How to Use Multiple Databases in Editor

How to Use Multiple Databases in Editor

JohnRibarJohnRibar Posts: 3Questions: 1Answers: 0
edited June 2017 in Free community support

I am trying to use an Editor, but my data is in 2 databases. In the meantime, I am using a View that connected the databases, but this does not allow Editor to do either the Edit or Delete. Does anyone know how to setup the Editor to allow linking tables from two databases?
Yes, I am only trying to edit items in the local database, and same for the delete (i.e., the table in the definition, ChemRound in this example:

                var response = new Editor(db, "ChemRound", "Id") ...

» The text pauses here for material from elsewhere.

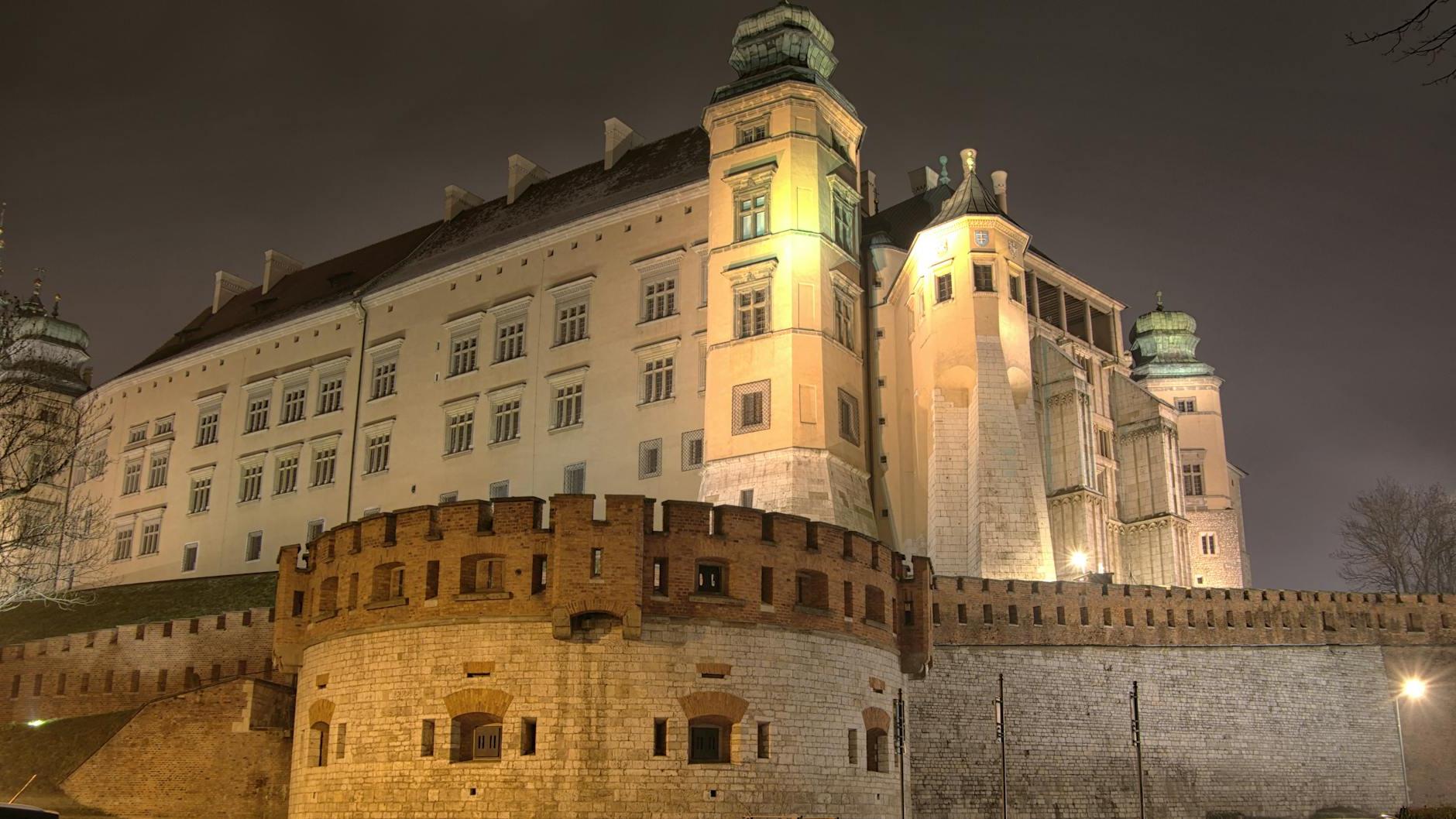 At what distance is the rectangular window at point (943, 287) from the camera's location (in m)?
48.2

I am using C#/MVC if it matters.
Thanks for your assistance!
LJ

Answers

  • allanallan Posts: 61,752Questions: 1Answers: 10,111 Site admin

    When you say different databases, does your db connection have access to both of them? If so, you should be able to do db1.ChemRound, and db2.tableName, etc to quality each field / table.

    Allan

  • JohnRibarJohnRibar Posts: 3Questions: 1Answers: 0
    edited June 2017

    Thanks, Allan. I didn't realize you could put multiple catalogs in the connection string. So, how do I access the fields then? Is it 'database1.table.field' format? And is 'database1' the name of the catalog in this case? And what do you need to name things in the EditorModel class so that the records come from the individual databases?

    Here is my class:

            public class ChemRound_Join : EditorModel
            {
                public partial class ChemRound : EditorModel { }
                public partial class RoundName : EditorModel { }
                public partial class FieldPivot : EditorModel { }
            }
    

    FieldPivot comes from the second catalog (FarmDB), and the other two come from the first (CoreDB).

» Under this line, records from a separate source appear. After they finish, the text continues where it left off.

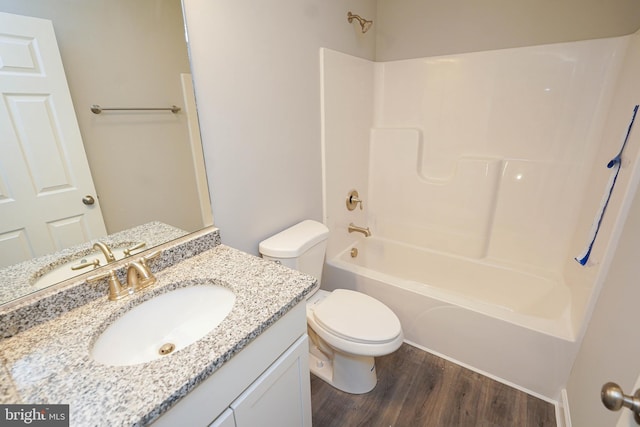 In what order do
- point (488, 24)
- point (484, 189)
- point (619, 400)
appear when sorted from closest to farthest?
point (619, 400) → point (488, 24) → point (484, 189)

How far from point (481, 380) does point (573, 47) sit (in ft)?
6.32

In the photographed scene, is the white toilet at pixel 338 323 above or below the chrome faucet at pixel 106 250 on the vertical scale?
below

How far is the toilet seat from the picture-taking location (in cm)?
133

    In my current code, I use things like this:

                        .Field(new DataTables.Field("RoundName.ChemProductName"))
                        .Field(new DataTables.Field("FieldPivot.Acres"))
                        .Field(new DataTables.Field("ChemRound.Rate"))
                        .LeftJoin("FieldPivot", "FieldPivot.Id", "=", "ChemRound.PivotId")
    

    So I can see using the catalog name in the items that are in quotes:

                        .Field(new DataTables.Field("FarmDB.FieldPivot.Acres"))
                        .Field(new DataTables.Field("CoreDB.ChemRound.Rate"))
    

    but how does that work with the class? Do I need to separate it out for each of the catalogs?

    Thanks so much for your help!

  • allanallan Posts: 61,752Questions: 1Answers: 10,111 Site admin

    Hi,

    I'd probably skip using the modal class at all here. Just define them using the new DataTables.Field() parameter. It might make the code a little more dense, but it doesn't effect performance or operation in any way.

    I should not that this isn't an area I have extensively tested in the .NET libraries! It is possible you might come across a bug or two. If you do, let me know. What database are you using?

    Allan

  • JohnRibarJohnRibar Posts: 3Questions: 1Answers: 0

    We are using SQLServer. I'll share whatever I find with you. Thanks!